Differences in the activity of Pd/WO3 and Pd/MoO3 (Pd loading 0.4–4 wt%) catalysts in competitive hydrogenations of the CC and CO groups in polyfunctional reagents have been studied as a function of two effects: (1) the in situ formation of hydrogen bronzes, HxWO3 and HxMoO3, and (2) the electronic interaction between the supports and the metallic Pd. The cinnamaldehyde (CAL), furfural (FU) and 5-hydroxymethylfurfural (HMF) were hydrogenated under mild reaction conditions. The formation of hydrogen bronzes in Pd/WO3 and physical mixture of Pd/WO3 with supporting WO3 oxide upon exposure to H2 was also studied using the gas flow-through microcalorimetry. In both Pd/MoO3 and Pd/WO3 catalysts, the electronic interactions contributed to the promotion of selectivity toward the CO hydrogenation in CAL and FU, yet in Pd/MoO3 this effect was much more pronounced. On the other hand, apart from increasing the overall reaction rate, the formation of hydrogen bronzes remarkably enhances the CC hydrogenation in CAL, as well as the decarbonylation of FU to furan and hydrogenolysis of C–OH in HMF to 5-methylfurfural.

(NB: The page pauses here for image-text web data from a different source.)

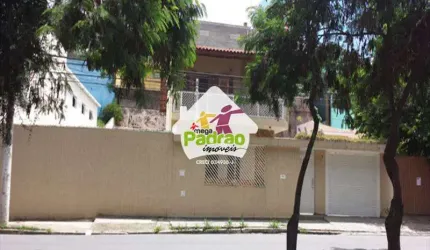 Sobrado em Guarulhos bairro Vila Rosália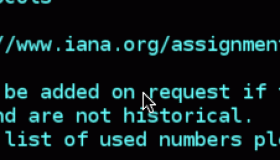 史上最全VIM使用手册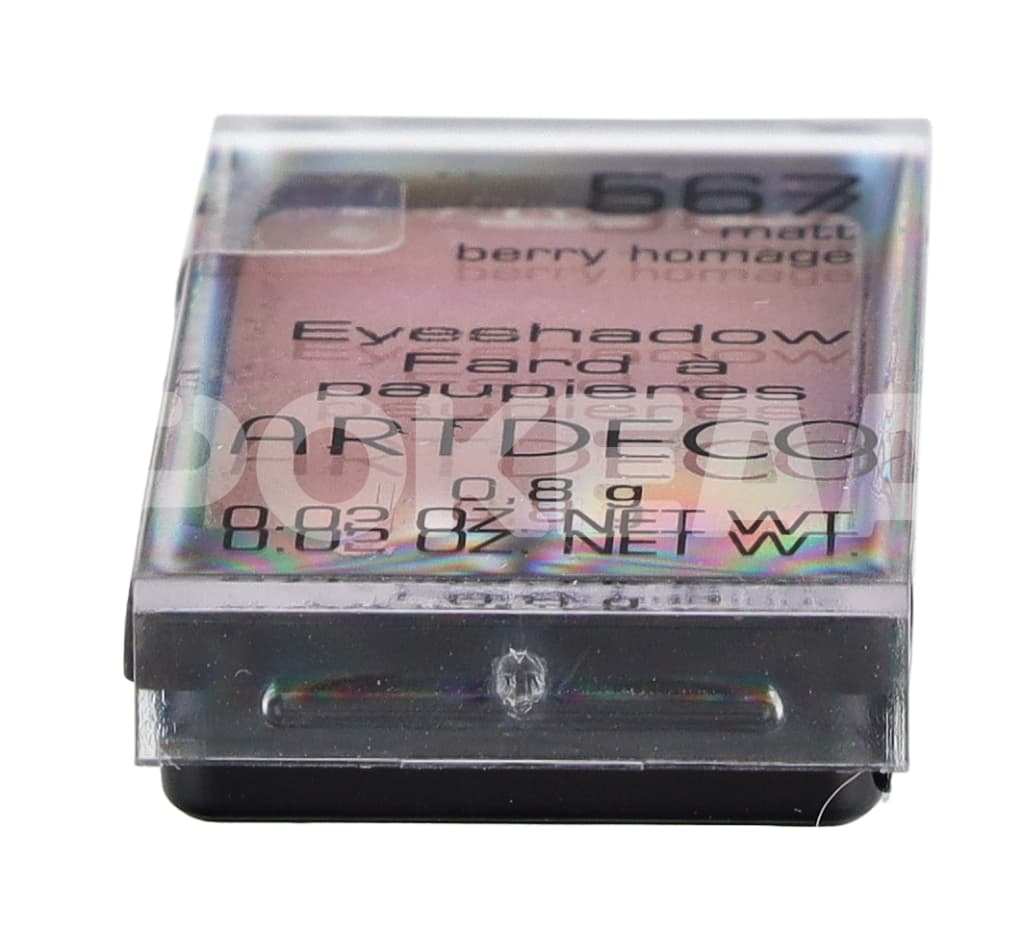 Artdeco Eyeshadow Matt 0.8g - #567 Matt Berry Homage 1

The bronze effects are significantly stronger in HxWO3, compared to HxMoO3, which may be related to higher H-species mobility and weaker H-bonding in the W–O–H (54 kJ/mol H2) than in the Mo–O–H (100 kJ/mol H2). This may also explain very high tendency of Pd/WO3 to furan ring hydrogenation in FU and HMF as well as almost selective (>98%) hydrogenation of furfuryl alcohol to tetrahydrofurfuryl alcohol.